Diese Situation möchte niemand. Aber wenn man ein solches E-Voting-System einführt: jede Sicherheitsschranke ist auch zu knacken, oder?

Rexxnor: Das ist dann so eine grundlegende Kryptografie-Sache. Das basiert auf mathematischen Annahmen. Vielleicht muss mich da Niklaus ein wenig korrigieren: man geht von Annahmen aus, aber wenn diese mathematischen Annahmen gebrochen werden, dann verpafft die ganze Kryptographie, die heute existiert, auf einmal. 

Ich bin darin auch nicht fliessend, bin bei Weitem nicht Experte der Kryptografie, finde es aber einfach faszinierend, dass das irgendwie funktionieren kann. Ob die Ergebnisse dann stimmen und das System sich behauptet, ist eine komplett andere Diskussion. Es interessiert mich, weil es lustig ist, dass Zahlen solche Eigenschaften haben können.

Gibt’s das Büchlein „Digitale Selbstverteidigung“ auch auf Französisch? wo können sich Leute informieren?

Vimja: Es gibt sehr viele Anlaufstellen. Das beste, was Dir passieren kann, ist wenn in deiner Nähe eine Kryptoparty veranstaltet wird. Kryptoparties sind Veranstaltungen, speziell mit dem Ziel, den Leuten Kryptographie beizubringen, den Leuten zu zeigen, wie sie E-Mails verschlüsseln können, wie sie ihre Festplatte verschlüsseln können und wie sie sicher kommunizieren können. In der Regel sind an diesen Veranstaltungen auch Leute, die ein Interesse haben, das den Leuten beizubringen, oder sich mit dir hinsetzen, auf deine Fragen eingehen und dir helfen.

Zürich hat schon Kryptoparties gemacht, sonst gibt’s das in der Schweiz nicht häufig. Aber ich denke für interessierte Leute gibt’s in der Nähe einen Chaos-Treff, einen Hacker-Space. Über die CoSin kann man auch Leute treffen.

Für Französischsprechende ist die beste Anlaufstelle wohl die „quadrature du net“; das ist eine französische Bürgerrechtsorganisation, die sich vor allem auf europäischer Ebene für Datenschutz und solche Sachen einsetzt, für die auch der CCC einsteht. In Frankreich ist das eine gute Anlaufstelle für alles Mögliche.

Rexxnor: Die „Digitale Gesellschaft“ setzt sich sehr für digitale Rechte im Schweizer Raum ein. Ich glaube, es gibt keine französische Ausgabe.
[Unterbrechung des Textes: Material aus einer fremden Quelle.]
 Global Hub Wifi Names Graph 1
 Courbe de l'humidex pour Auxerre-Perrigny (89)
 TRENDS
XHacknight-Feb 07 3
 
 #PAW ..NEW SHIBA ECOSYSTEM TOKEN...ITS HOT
Ich weiss nicht, ob sie eine französische Sparte haben, oder französische Übersetzungen machen, aber ich habe mal gehört, dass sie Mehrsprachigkeit anstreben.

Vimja: Ihr könnt auch den Fix-Me Hackerspace in Lausanne anfragen, den gibt’s schon lange, die sind gross, bieten Workshops und Veranstaltungen an und haben sicher auch Leute, die sich auskennen.
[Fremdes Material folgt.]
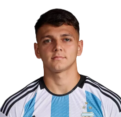 https://img.zhizhuzhibot.com.cn/img/football/player/62fc42c51c305b4da063d9f868d09891.png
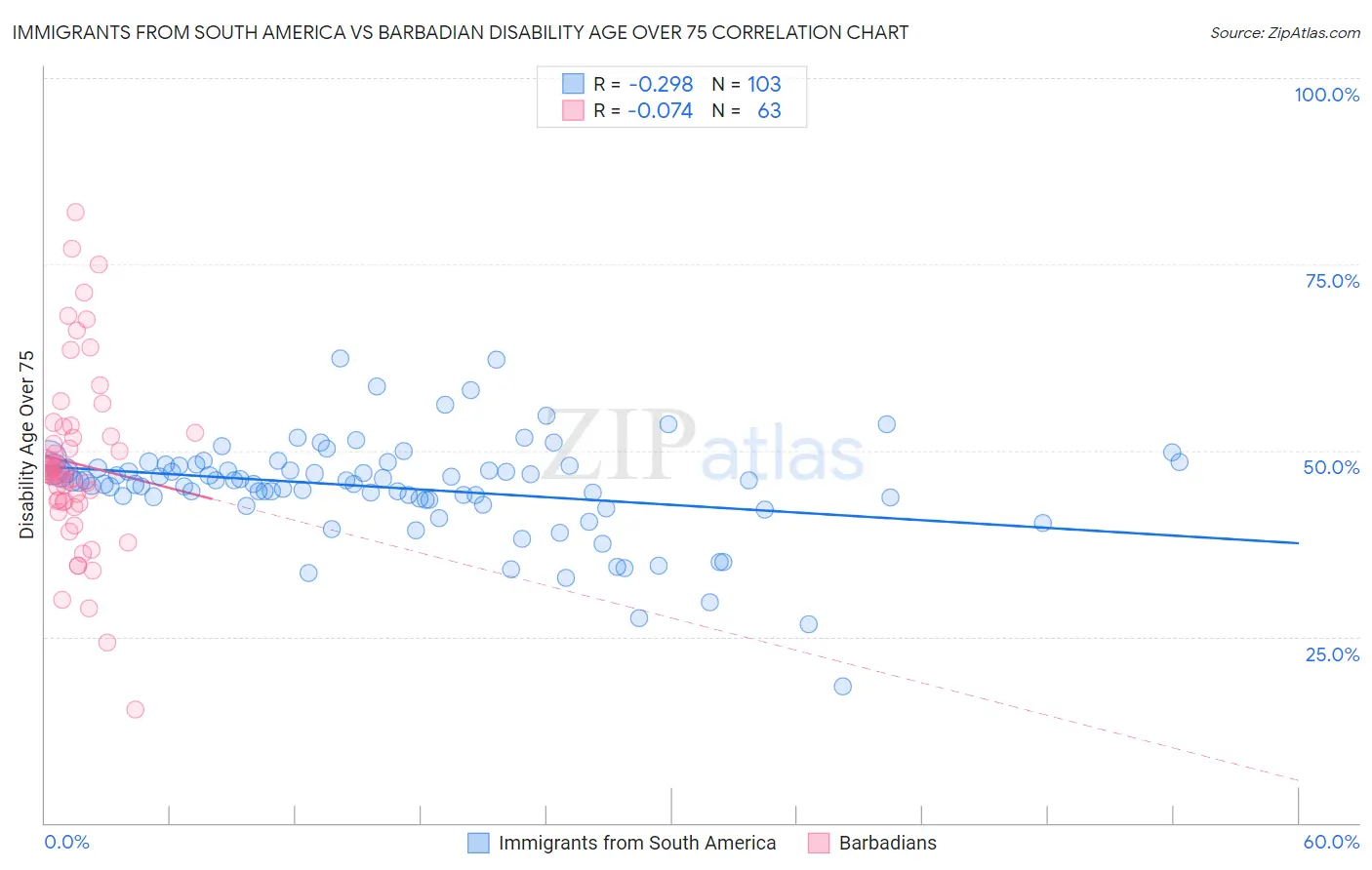 Immigrants from South America vs Barbadian Disability Age Over 75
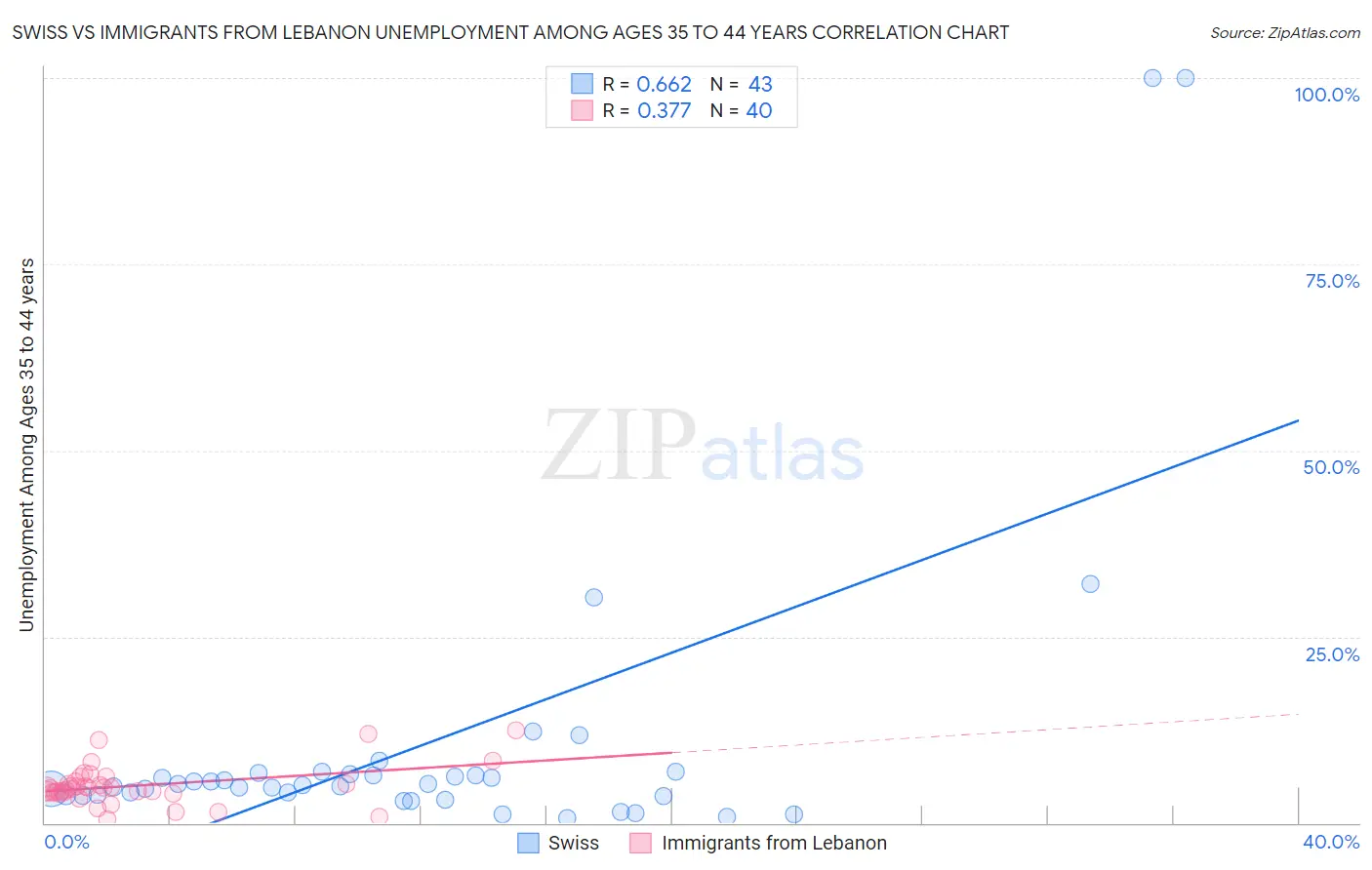 Swiss vs Immigrants from Lebanon Unemployment Among Ages 35 to 44 years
An der EPFL gibt’s die „Gnu-Generation“, das ist die eigene Linux-Usergroup der EFPL; die gibt’s schon sehr lange. Die haben in ihrer Existenz stark geschwankt, wie aktiv sie sind, wieviele Leute wirklich dabei sind und aktiv Sachen machen.

Herzlichen Dank!

CoSin-Event: www.cosin.ch

Chaos Computer Club Schweiz: https://www.ccc-ch.ch

Digitale Gesellschaft: www.digitale-gesellschaft.ch

Französische Bürgerrechtsorganisation (auf französisch): www.laquadrature.net

Hackerspace in Lausanne (auf französisch): https://fixme.ch

Linux-Usergroup der EFPL (auf französisch): https://gnugeneration.epfl.ch/doku.php

Die ethischen Grundsätze des Hackens – Motivation und Grenzen:

• Der Zugang zu Computern und allem, was einem zeigen kann, wie diese Welt funktioniert, sollte unbegrenzt und vollständig sein.
• Alle Informationen müssen frei sein.
• Mißtraue Autoritäten – fördere Dezentralisierung.
• Beurteile einen Hacker nach dem, was er tut, und nicht nach üblichen Kriterien wie Aussehen, Alter, Herkunft, Spezies, Geschlecht oder gesellschaftliche Stellung.
• Man kann mit einem Computer Kunst und Schönheit schaffen.
• Computer können dein Leben zum Besseren verändern.
• Mülle nicht in den Daten anderer Leute.
• Öffentliche Daten nützen, private Daten schützen.